AIM OF THE EXERCISE: What follows is a set of entries. Repeat them exactly, but not their pictures.

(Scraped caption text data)
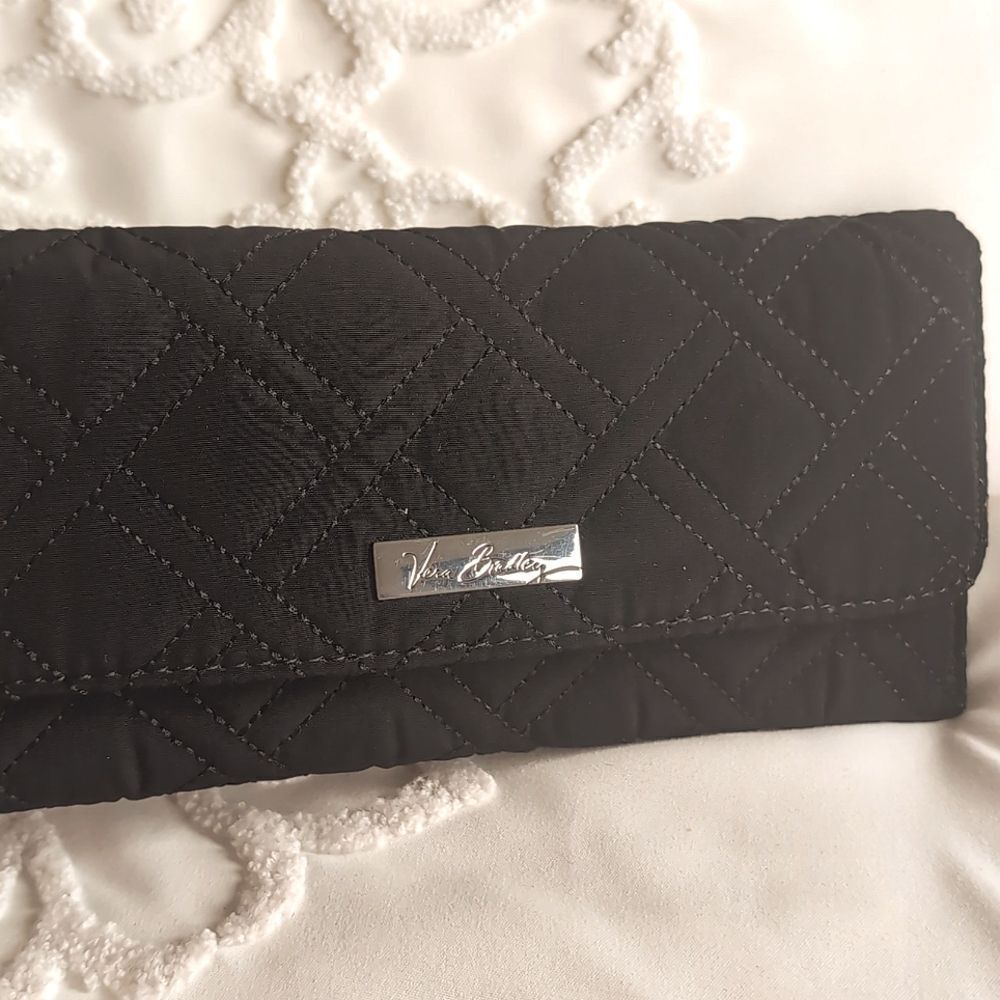 Vera Bradley Trifold Wallet Black Quilted Slim Sleek Clutch Microfiber NWT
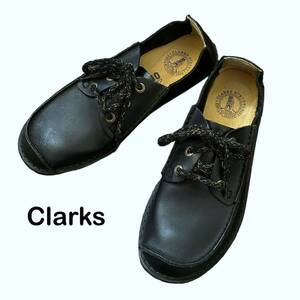 CLARKS クラークス レザーシューズ ワラビー デザートトレック ブラック 黒 ブーツ ローファー Originals UK7 25cm イングランド 英国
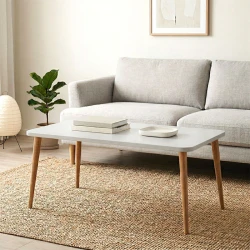 Τραπεζάκι σαλονιού Plane Megapap χρώμα λευκό 90x55x41εκ.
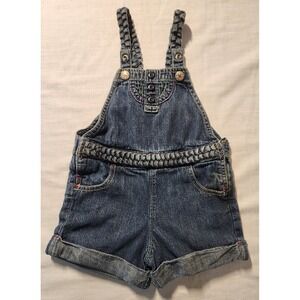 OshKosh B'Gosh Overalls Toddler Girl Size 2T Denim Vestbak Shortalls One‎ Piece
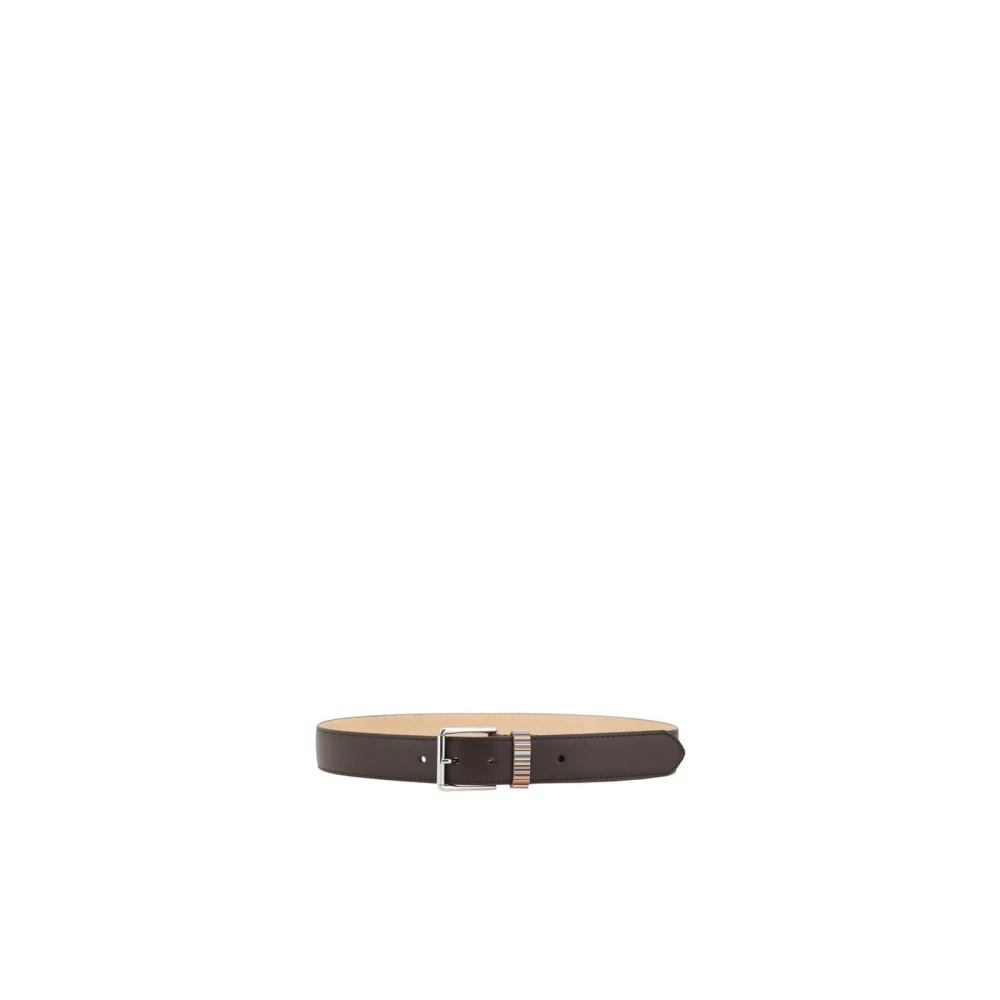 PS By Paul Smith Zebra Streep Leren Riem Bruin Brown Heren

WRITTEN SOLUTION:
 Vera Bradley Trifold Wallet Black Quilted Slim Sleek Clutch Microfiber NWT
 CLARKS クラークス レザーシューズ ワラビー デザートトレック ブラック 黒 ブーツ ローファー Originals UK7 25cm イングランド 英国
 Τραπεζάκι σαλονιού Plane Megapap χρώμα λευκό 90x55x41εκ.
 OshKosh B'Gosh Overalls Toddler Girl Size 2T Denim Vestbak Shortalls One‎ Piece
 PS By Paul Smith Zebra Streep Leren Riem Bruin Brown Heren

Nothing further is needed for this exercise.